Jobs, Part 2

I mentioned that my working career started as a ride jockey and then to working in a toy store. 

 

By the time I graduated from high school and went to college (my college was 30 miles away and I wanted to live on campus), I was the assistant manager of the toy store.  I look back and don’t know why I thought I could be a full time student and a full time assistant manager but I did. 

 

As the assistant manager, I’d have to reconcile the days sales and transmit them to the home office each day (that I worked which given my non-school availability was most nights and the weekend).  The store closed at 9 pm and after checking out the cashiers and doing the days reconciliation, I left between 10:30 and 11pm each day.  Then I’d have to drive back to my dorm, do any class work I needed to and potentially get up for an 8am class (oh, the horror).

 

Then it happened, we had one of those very cold winter days where the wind chill was 20 degrees below 0 by the time I left the mall.  My 12 year old Ford Maverick didn’t want to start and I got a mild case of frostbite trying to get it started.  I determined to buy a new car.

 

I found and got a loan for a 1982 Ford EXP.  It was a manual (the day I picked it up, I was stuck at a stop light for three cycles not realizing I had it in third gear).  It looked like a sports car but it had a 4 cylinder 177cc engine (it couldn’t walk the talk).

 

“My people—infants are their oppressors, and women rule over them. O my people, your guides mislead you and they have swallowed up the course of your paths.”

Isaiah 3:12 ESV

 

“And Jesus began to say to them, “See that no one leads you astray.
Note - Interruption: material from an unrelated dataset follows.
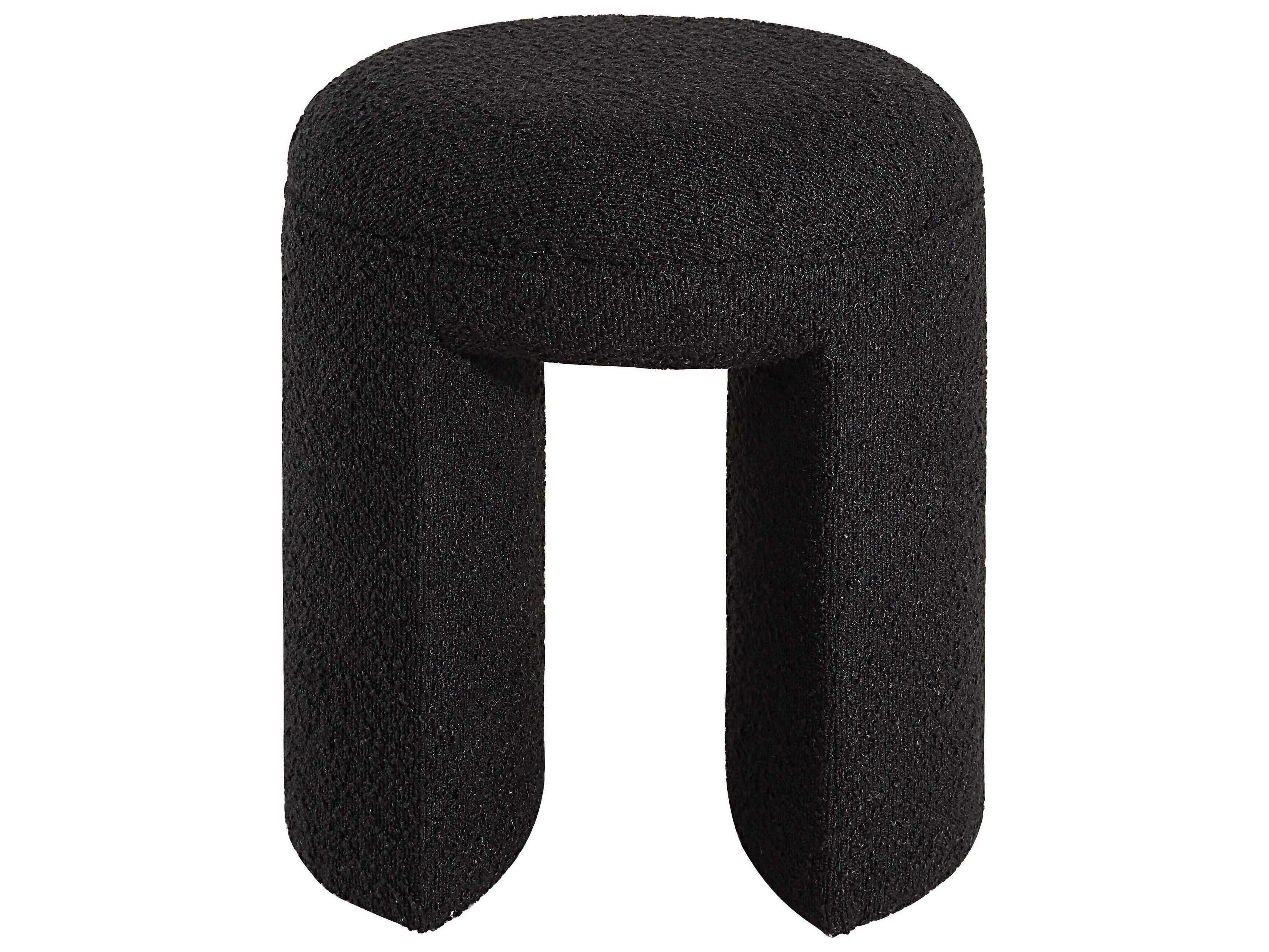 Renwil Amrah Black Upholstered Accent Stool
Many will come in my name, saying, ‘I am he!’ and they will lead many astray. And when you hear of wars and rumors of wars, do not be alarmed. This must take place, but the end is not yet. For nation will rise against nation, and kingdom against kingdom. There will be earthquakes in various places; there will be famines. These are but the beginning of the birth pains.”

Mark 13:5-8 ESV

 

I named that car Shadowflax.  The good part was that I had a reliable car to take me back and forth from my dorm to my job.  The bad news was that the nut (total expenditures for things like gas, oil, tires, insurance, repairs) significantly increased due to incorporating a loan payment, increased insurance cost with a small offset of less repairs.  In other words, I was locked into working full time while being a full time college student.

 

I wonder whether my parents were unaware of what I was doing until it was too late or they wanted me to make my own decisions (and learn from my mistakes).  This laissez-faire attitude was very typical for how they raised me both from a trust and lack of rules perspective.  Regardless, I was locked into working a full time job to support Shadowflax.  In fact, I even picked up a few hours each week working in the physics department as student help.  I remember the next Easter trying to figure out what I was going to do that afternoon since the Mall was closed (and I didn’t have any school work).

 

Now I’ve always known that limited bursts of extreme work is fine (and can produce some wonderful results) but a too extensive period of extreme work can have detrimental effects. By the time I was a Junior in college, my two full time gigs and part time physics department work started catching up with me.  My dad saw that I was struggling and decided to help.  He offered to pay off my car note and provide more flexible repayment terms to pay him back.  This is probably the best example of their laissez-faire attitude toward me (let me determine my own direction but be there to provide help and direction only when needed).  Honestly, I don’t know how I could have succeeded at my upper level classes if I had to work a full time job in addition.

 

“Keep your life free from love of money, and be content with what you have, for he has said, “I will never leave you nor forsake you.””

Hebrews 13:5 ESV

 

“Every way of a man is right in his own eyes, but the Lord weighs the heart. To do righteousness and justice is more acceptable to the Lord than sacrifice. Haughty eyes and a proud heart, the lamp of the wicked, are sin. The plans of the diligent lead surely to abundance, but everyone who is hasty comes only to poverty. The getting of treasures by a lying tongue is a fleeting vapor and a snare of death. The violence of the wicked will sweep them away, because they refuse to do what is just. The way of the guilty is crooked, but the conduct of the pure is upright.”

Proverbs 21:2-8 ESV

 

“Therefore do not be anxious, saying, ‘What shall we eat?’ or ‘What shall we drink?’ or ‘What shall we wear?’ For the Gentiles seek after all these things, and your heavenly Father knows that you need them all. But seek first the kingdom of God and his righteousness, and all these things will be added to you. “Therefore do not be anxious about tomorrow, for tomorrow will be anxious for itself. Sufficient for the day is its own trouble.”

Matthew 6:31-34 ESV

 

So many life lessons make each of us who we are…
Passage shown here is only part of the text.